■ **Work item**:
From the records that follow, return exactly the lines beginning at the one that contains "a view of a house with a swimming pool" and ending at the one that contains "Sopaipillas circulares sin", pictures left out.

■ **Records to use**:
==========

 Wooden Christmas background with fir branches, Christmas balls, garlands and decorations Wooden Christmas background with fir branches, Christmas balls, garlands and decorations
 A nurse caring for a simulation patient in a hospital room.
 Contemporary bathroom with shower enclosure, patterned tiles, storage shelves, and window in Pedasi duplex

==========

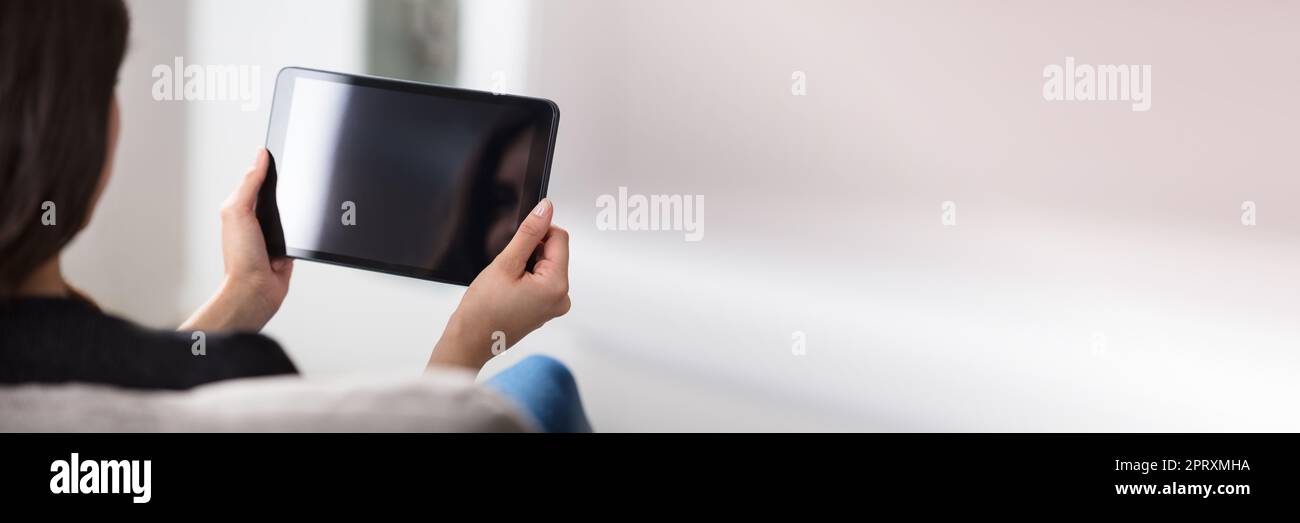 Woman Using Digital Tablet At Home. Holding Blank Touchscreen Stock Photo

==========

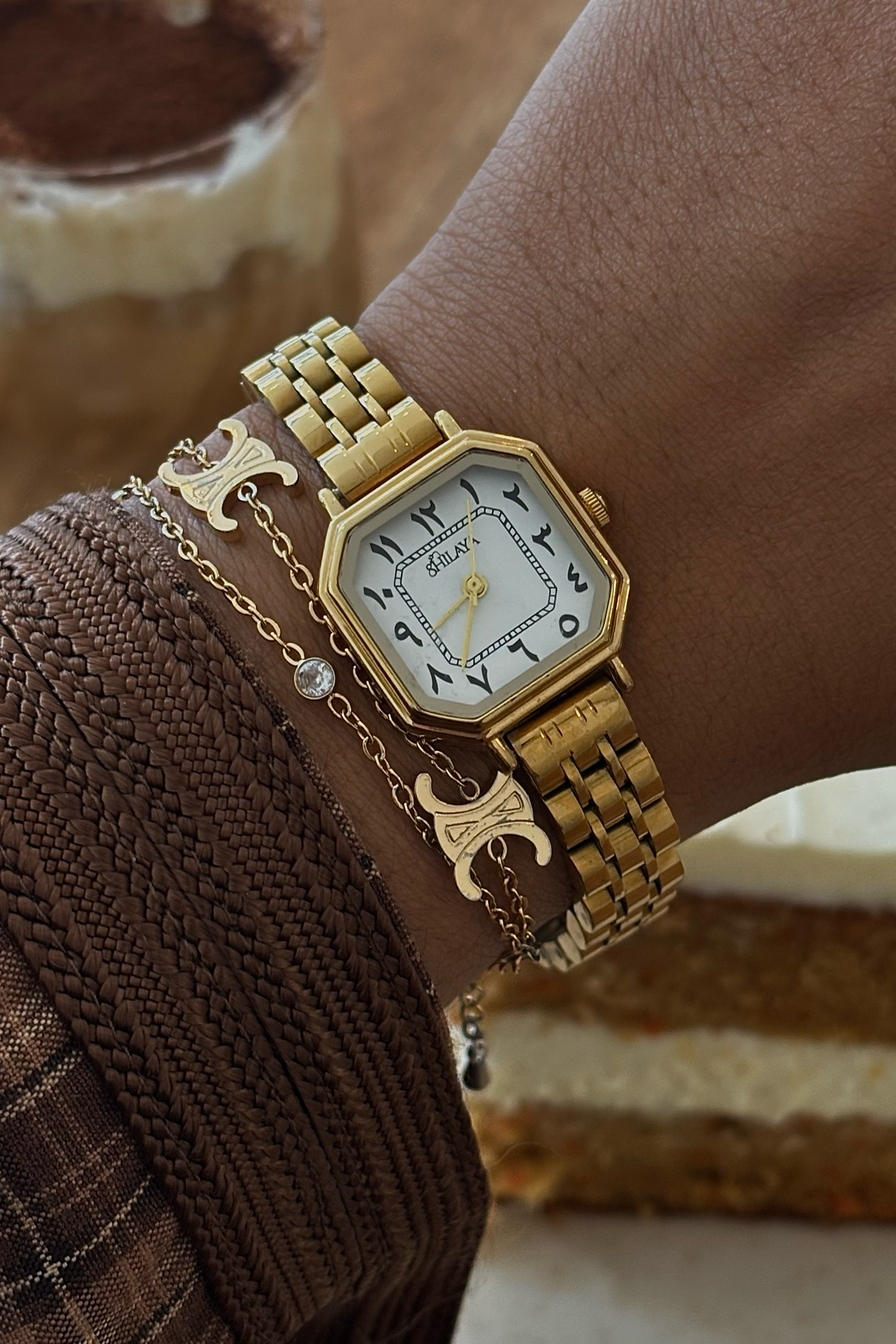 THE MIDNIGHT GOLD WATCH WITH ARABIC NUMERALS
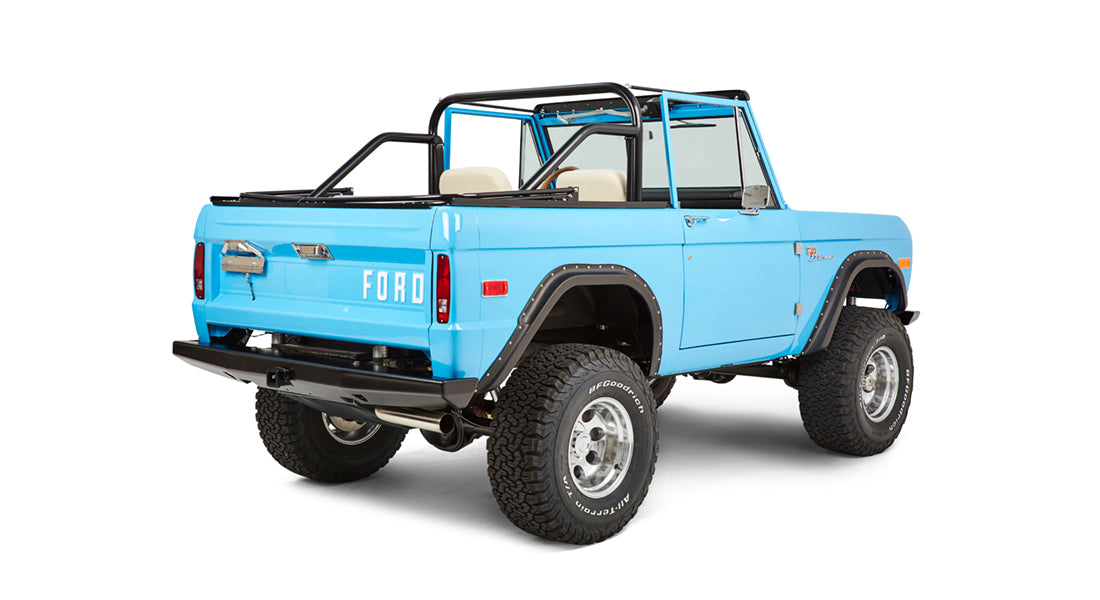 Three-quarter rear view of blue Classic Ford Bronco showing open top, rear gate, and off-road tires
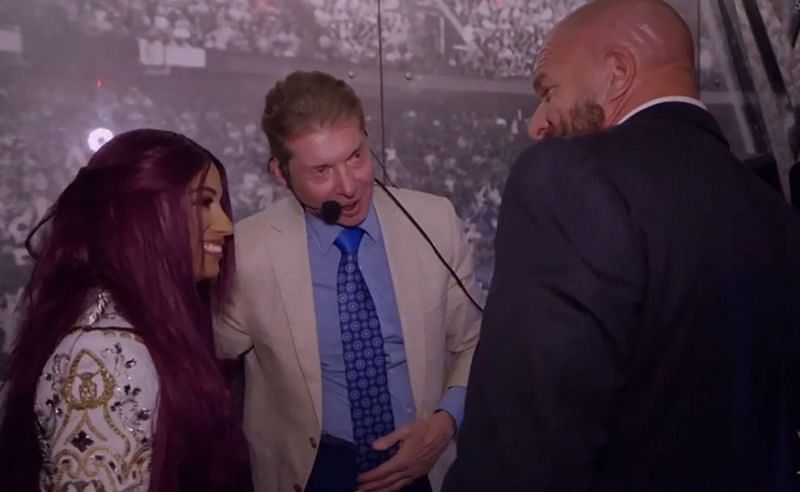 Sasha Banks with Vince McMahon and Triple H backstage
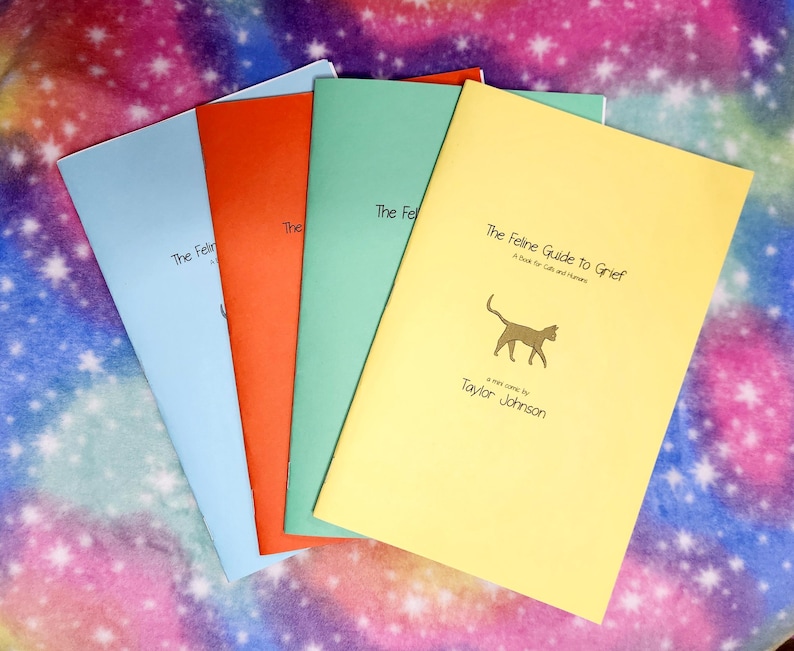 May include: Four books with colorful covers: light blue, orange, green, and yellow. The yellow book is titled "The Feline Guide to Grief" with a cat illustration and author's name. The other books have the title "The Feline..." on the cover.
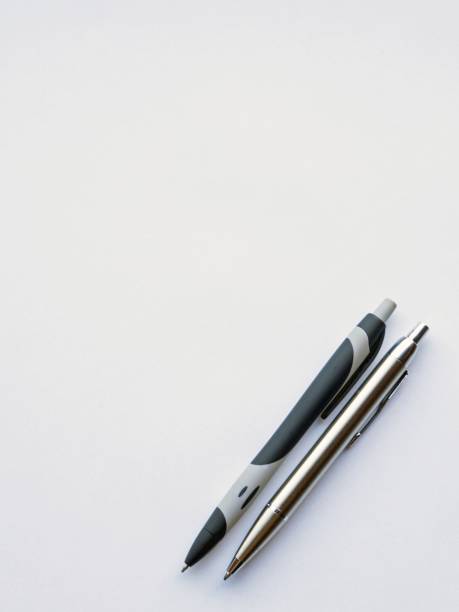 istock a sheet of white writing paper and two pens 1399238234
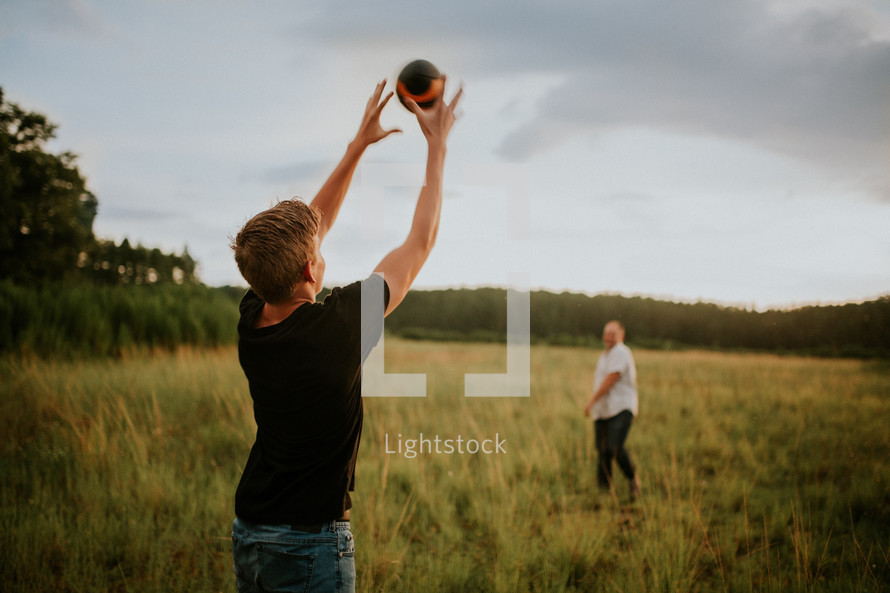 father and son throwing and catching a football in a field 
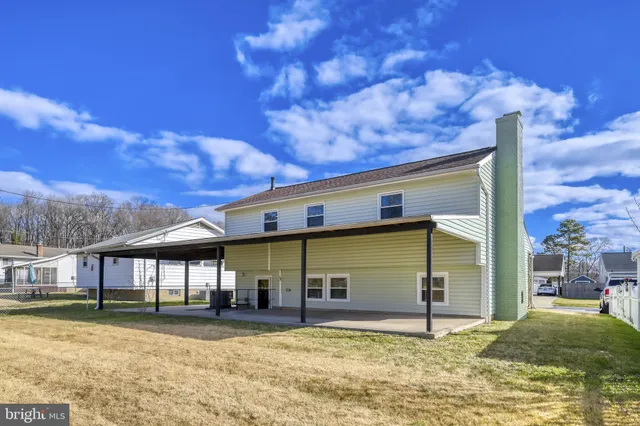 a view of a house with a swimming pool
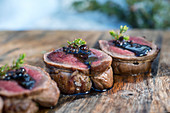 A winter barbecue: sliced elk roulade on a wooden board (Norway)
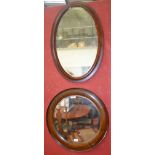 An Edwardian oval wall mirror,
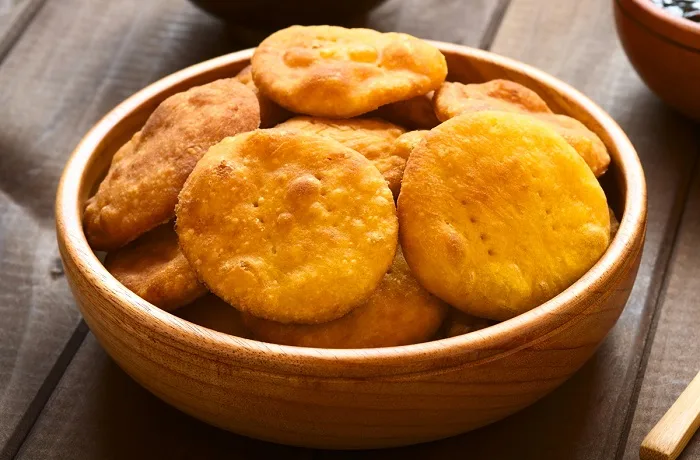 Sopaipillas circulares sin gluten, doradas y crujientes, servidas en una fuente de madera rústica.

==========

■ **Written solution**:
 a view of a house with a swimming pool
 A winter barbecue: sliced elk roulade on a wooden board (Norway)
 An Edwardian oval wall mirror,
 Sopaipillas circulares sin gluten, doradas y crujientes, servidas en una fuente de madera rústica.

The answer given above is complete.